Prized Bath
S elf-employed architect Glyn Davies toyed with the idea of choosing fine art as his speciality at art college, but instead plumped for the course that qualified him in his profession.
Not many hard-headed boys from Durham would have done anything else; architects earn their keep in life, while artists starve in garrets.
And so it's come to pass; he's been working steadily in architecture in and around Bath since he qualified in 1972.
But he never let go of painting as a hobby, a weekend retreat – and it became increasingly important to him when computers took away the need for him to "put marks on paper" in his working life.
He missed that, and proceeded to build up a score or more paintings he felt were worth preserving, mainly in watercolour but also a few oils to keep him going over a period of time.
Earlier this year, he made the decision to start exhibiting for the first time – and now he has completed a remarkable winning double. In summer, a study of the Empire Hotel building won the watercolour prize at the Bath Society of Artists' open exhibition at the Victoria Art Gallery.
And this month he has followed that up to take the £2,500 Bath Prize in an exhibition to be seen at the Octagon in Milsom Street until next Saturday.
His winning painting, in oils, is titled Hedgewick Park, but in fact it's a panorama taken from a high-powered telephoto image looking westward from up on North Road.
It's a scene that takes in, from top to bottom, Lansdown Road, the Paragon, St Swithin's Church, Walcot Burial Chapel, London Street and Bathwick Street, and it was clearly the drama of this foreshortened image that impressed the judges.
"I think Bath, a city in a bowl, lends itself well to telephoto shots, and I enjoy the challenge of working from that kind of image," says Glyn, who lives with his wife Yve in Upper Swainswick.

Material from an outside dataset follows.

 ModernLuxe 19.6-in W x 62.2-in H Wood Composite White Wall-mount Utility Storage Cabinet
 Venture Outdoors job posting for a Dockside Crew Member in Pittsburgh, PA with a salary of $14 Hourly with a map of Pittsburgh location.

"After taking the photo I returned to the scene several times, to check on architectural detail and also to see how the colours could be best adjusted for the final work.
"I wanted to make the most of the complementary opposites of the colours of the slate roofs and stone w alls, and of the red clay tiles and green of the grass." Glyn was one of 94 amateur and professional artists who entered the competition, which was organised by the Bath Gallery in Bridge Street to celebrate the World Heritage City.

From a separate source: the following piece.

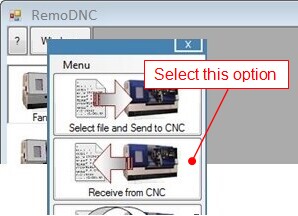 CNC'den veri alma menüsü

There are 154 paintings currently on show at the Octagon, ranging in price from £60 to £4,500. Glyn's winning entry carries a £2,800 price tag.
Ben Hughes took the £1,000 Future Bath Plus prize for the best scene completed outdoors, on site; to make sure the whole city was covered, entrants had to produce at least one painting inspired by a specified location, and his heart must have sunk when the Southgate redevelopment came out of the hat for him. But Ben's response was to face up to what was going on there, warts and all, and the judges warmed to his view up Southgate from outside the new bus station, portrayed in all its colourful chaos.
Whether or not the city of Bath is dear to your heart, this exhibition of 150-plus paintings presents a mass of excitingly contrasting images in the unique surroundings of the Octagon in Milsom Street.
It is open from 10am-5pm from today until next Saturday, except for tomorrow, when it closes at 4pm.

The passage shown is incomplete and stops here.